Ich freue mich, Sie auf meiner Homepage begrüssen zu dürfen. Auf dieser Seite finden Sie vieles rund um meine Person. Haben Sie Fragen oder Anregungen, so benutzen Sie doch das Kontaktformular.

 

 
 

 

Der Tägi Tri gilt als Einstiegstriathlon für die einen oder als Saisonabschluss für die anderen. Für mich war es der Einstieg in eine neue Welt, der Welt vom Schwimmen, Rennvelo und Laufen.
Nach der längeren Sommerpause habe ich vor gut 5 Wochen wieder mit dem Training begonnen. Mein Ziel war es, fit für den Triathlon zu sein, die Zeit ist mir zweitrangig, der Spass vordergründig. Usprünglich wollte ich die Langdistanz absolvieren. Doch nach einem spontanen Duathlon vor 3 Wochen war mir klar, dass die Kurzdistanz auch reicht (ich war am Oberaargauer Triathlon, für die 4.8km Laufen, 18.3km Velo und 4.7km Laufen benötigte ich 1:20:18 und war dafür ziemlich erschöpft).
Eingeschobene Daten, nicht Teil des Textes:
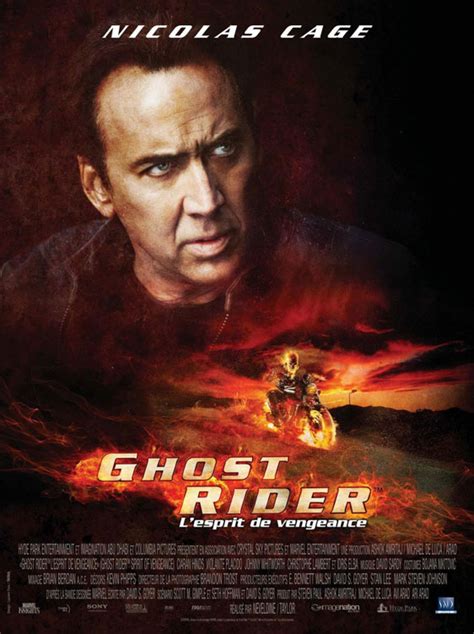 Ghost Rider Spirit Of Vengeance 2012 Poster 1 Trailer Addict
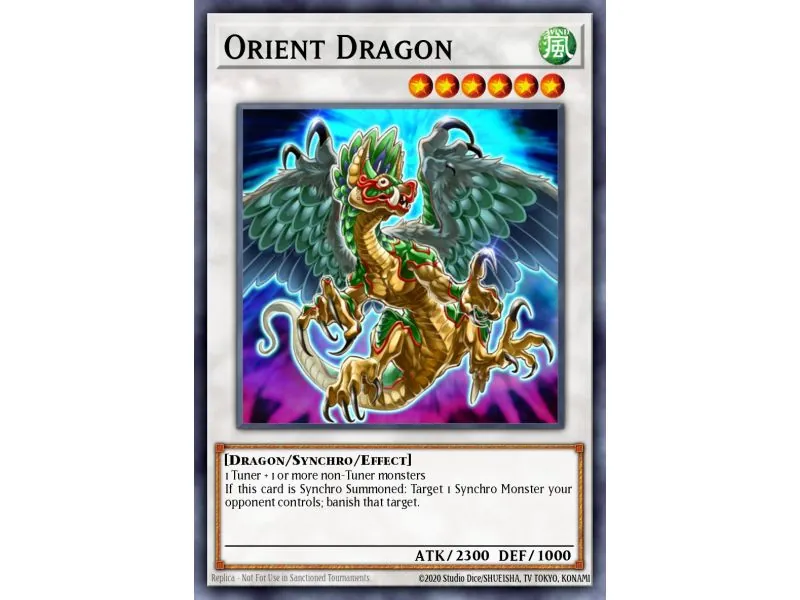 Orient Dragon (Ultra Rare)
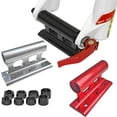 thumbnail image 4 of 4X Bike Car Roof Mount Rack Holder Transportation Mount Rack Quick Release Thru Axle Bicycle Bracket Holder Red,4 x Car Roof Mount Rack,Red, 4 of 8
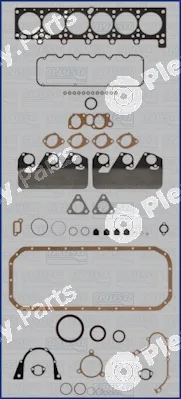 Wilmink Group WG1164026 — Full Gasket Kit, engine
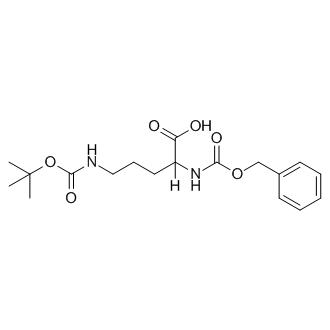 Z-DL-Orn(Boc)-OH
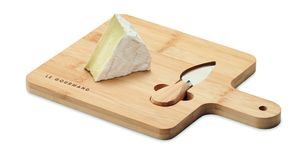 DARFIELD Set de queijo em bambu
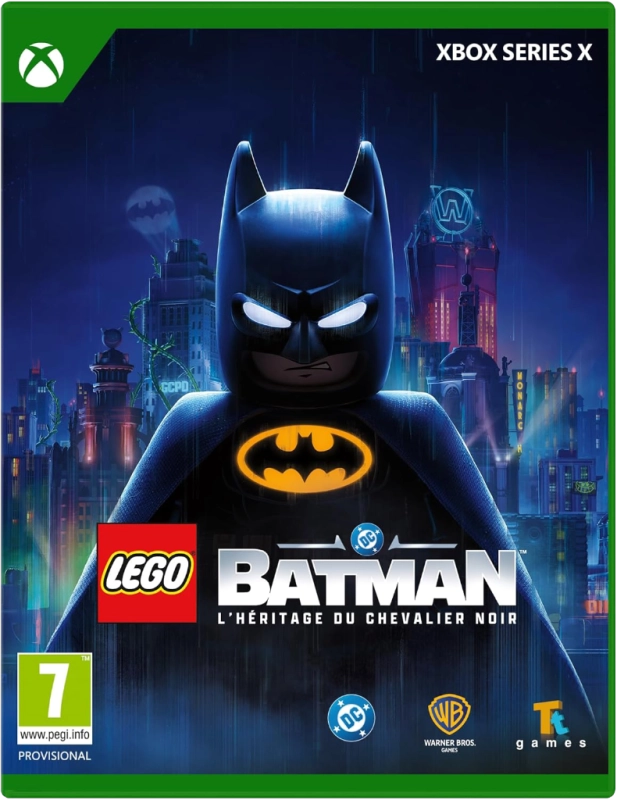 LEGO BATMAN L'HERITAGE...XBS VF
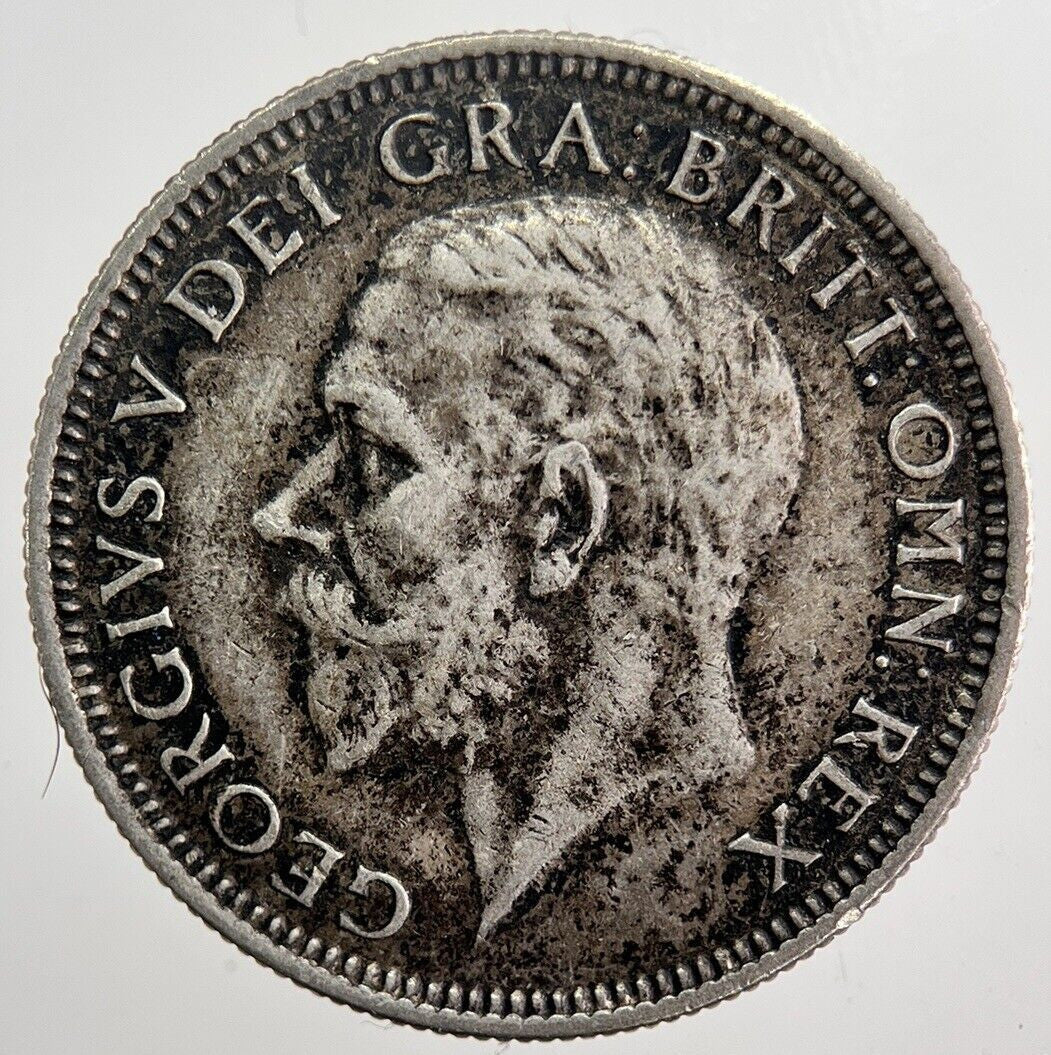1935 George V Shilling Silver Coin | Fine Collectable Grade | a5906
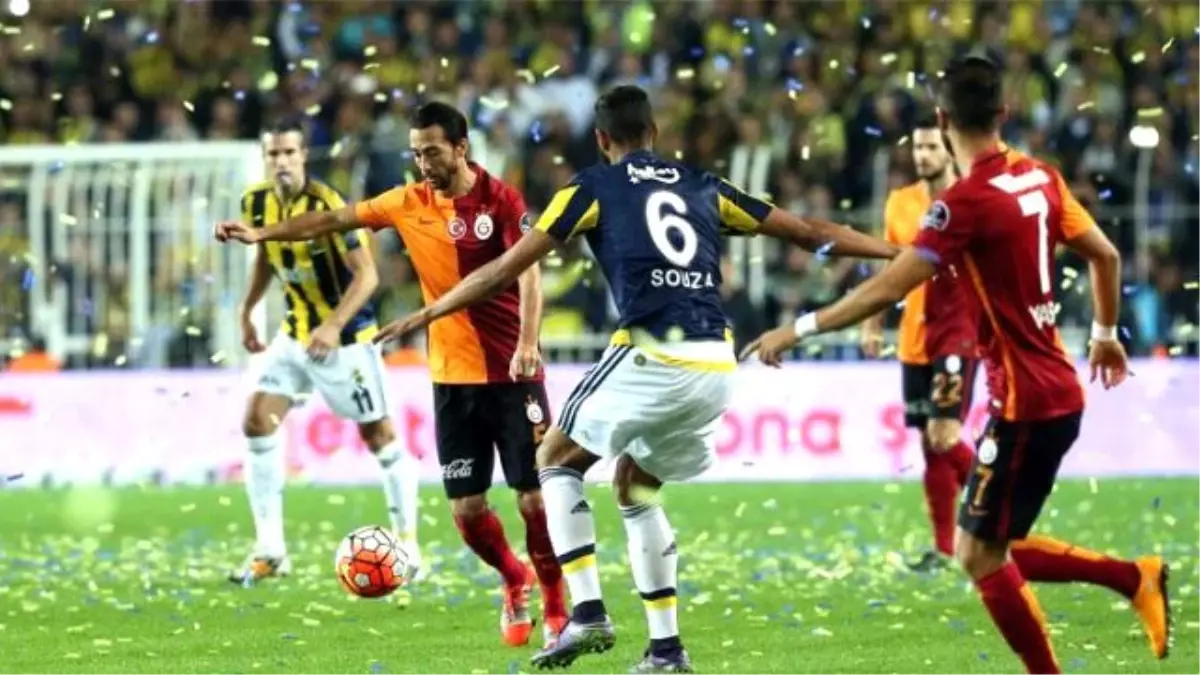 Fenerbahçe 1 Galatasaray 1 geniş özet (FB-GS maçı özet) izle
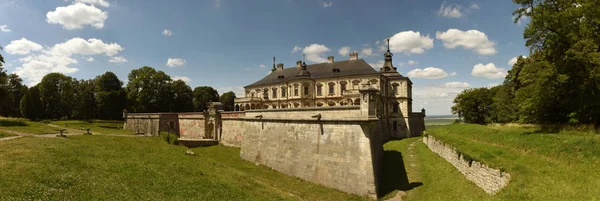 Pidhirtsi Castle, Lviv region, Ukraine. Pidhirtsi Castle the ren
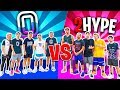 2HYPE vs OVERTIME TW NBA BASKETBALL BANK CHALLENGE !!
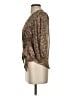 Veronica M. 100% Polyester Brown 3/4 Sleeve Blouse Size S - photo 5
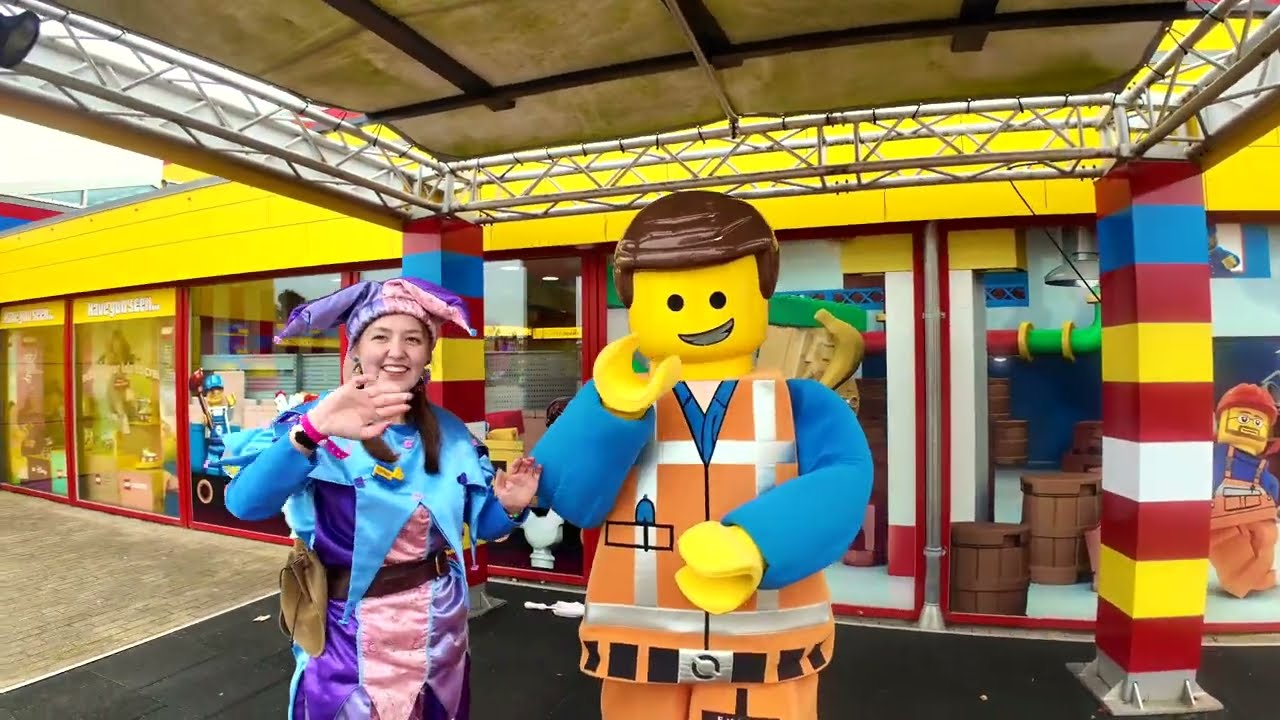 Legoland Billund | Lego's World | Danmark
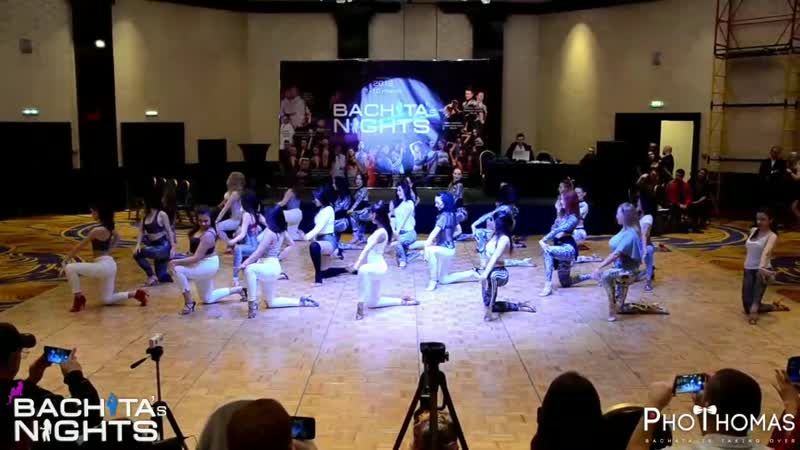 Sara panero bootcamp moscow bachata nights 2019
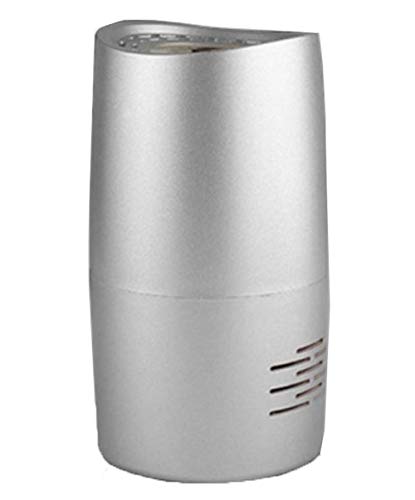 Preisvergleich Produktbild IIWOJ Auto Luftreiniger Lufterfrischer (UV-Licht),Gray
Der Fokus im Training lag vorallem beim Velofahren und Laufen, für das Schwimmen reichte die Zeit oft nicht.
 
Als ich am Sonntag um 10:00 im Schwimmbecken in Wettingen war, war mir noch gar nicht ganz bewusst, auf was ich mich eingelassen habe. Nach dem Startschuss reihte ich mich ziemlich bald hinten ein. Ich stellte fest, dass Brustschwimmer mich beim crawlen überholten. Das war der Zeitpunkt, wo auch ich zum Brustschwimmen wechselte. Dass Schwimmen nicht meine beste Disziplin ist, haben wohl auch die Zuschauer am Beckenrand bemerkt. Es waren zwar nur 500m, diese erschienen mir aber unendlich lang. Vom Gefühl her ging ich als einer der letzten aus dem Becken. Mit dem Wechsel zum Rennvelo brauchte ich sage und schreibe 14:34. Doch dann gings los. Auf dem Renner fühlte ich mich ziemlich fit, fand rasch meinen Rhythmus und konnte zu Beginn gleich das Feld von hinten etwas aufrollen. Die etwas mehr als 15km waren eher flach. Ich konnte ziemlich Gas geben, es machte Spass. Mit einerm 32er Schnitt (nicht top, aber für mich im Moment okay) hatte ich 29:01 für die Velostrecke. Es ging dann direkt weiter zum Laufen. Dabei konnte ich auf der leicht coupierten Strecke nochmals den einen oder anderen Triathlet überholen und beendete die 3.8km mit 17:22. Im ganzen benötigte ich 1:00:57. Bin ziemlich zufrieden und war überwältigt vom Gefühl, den ersten Triathlon soeben beendet zu haben.
 
Ich finde, das Schwierige am Triathlon ist, dass man drei Disziplinen trainieren muss. Es reicht nicht, in zwei sehr gut zu sein und eine Disziplin zu vernachlässigen. Besonders mir als Schwimm-Anfänger fällt das Schwimmen nicht immer ganz leicht. Da darf ich noch etwas üben. Doch die schöne Seite am Triathlon sind genau diese drei Disziplinen. Jede geht vorbei. Jede hat seine eigenen Regeln. Beim Schwimmen freue ich mich zumindest die ganze Zeit auf das Rennvelo. Und beim Rennvelo denkt man sich, cool, ich bin schon an der zweiten Disziplin, bald kommt noch das Laufen. Und das Laufen ist auch bald vorbei. Obwohl der gesamte Wettkampf bei mir gut eine Stunde gedauert hat, ist es vom Gefühl her viel schneller vorbei. Tolles Gefühl.